Image processing: Dr. Ashley Gosselin-Ildari
Image processing: Dr. Jennifer Olori
Publication Date: 31 Jul 2007


Kinosternon baurii, the striped mud turtle, is a member of Kinosternidae within Cryptodira. There are 20 extant species in the genus Kinosternon (Ernst and Barbour, 1989; Bonin et al., 2006). Long thought to be the sister-group to Trionychidae (e.g., Gaffney, 1975), the relationship of this taxon to other turtles has recently been called into question on the basis of both molecular and morphological features (e.g., Shaffer et al., 1997).

Kinosternon baurii

Kinosternon baurii is a small turtle, with a carapace length of up to 12 cm (Ernst and Barbour, 1989; Bonin et al., 2006). The skull is relatively small and exhibits little emargination. The carapace is smooth and unserrated, and the plastron is well-developed and hinged (Ernst and Barbour, 1989; Bonin et al., 2006). Kinosternon baurii ranges from tan to black dorsally, and three light-colored stripes are present on the carapace. Two light-colored stripes extend posteriorly from the orbit. The plastron is olive to yellow (Ernst and Barbour, 1989; Bonin et al., 2006).

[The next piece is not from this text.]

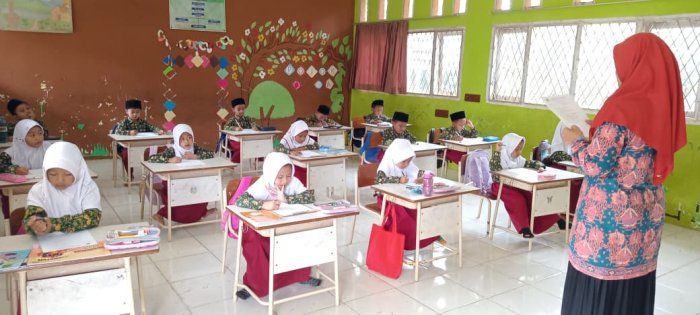 Dewan Guru MIN 1 Tebo Antusias Menjadi Pengawas Dalam Pelaksanaan SAS Tahun 2025 Dewan Guru MIN 1 Tebo Antusias Menjadi Pengawas Dalam Pelaksanaan SAS Tahun 2025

The striped mud turtle prefers quiet freshwater bodies with soft bottoms, and may enter meadows and brackish water. It is found in the southeastern United States, from South Carolina through Florida, including the Florida Keys (Ernst and Barbour, 1989; Bonin et al., 2006). Kinosternon baurii is omnivorous. Females lay up to three clutches per year containing one to five eggs (Ernst and Barbour, 1989; Bonin et al., 2006).

About the Species

This specimen was made available to the University of Texas High-Resolution X-ray CT Facility for scanning by Dr. Heather Jamniczky of the University of Calgary. Funding was provided by Dr. Jamniczky and by a National Science Foundation Digital Libraries Initiative grant to Dr. Timothy Rowe of The University of Texas at Austin.

About this Specimen

This specimen was scanned by Matthew Colbert on 5 August 2004 along the coronal axis for a total of 660 slices. Each 1024 x 1024 pixel slice is 0.045 mm thick with an interslice spacing of 0.045 mm and a field of reconstruction of 21.3 mm

About the


Bickham, J.W. and J.L. Carr. 1983. Taxonomy and phylogeny of the higher categories of cryptodiran turtles based on a cladistic analysis of chromosomal data. Copeia 1983:918-932.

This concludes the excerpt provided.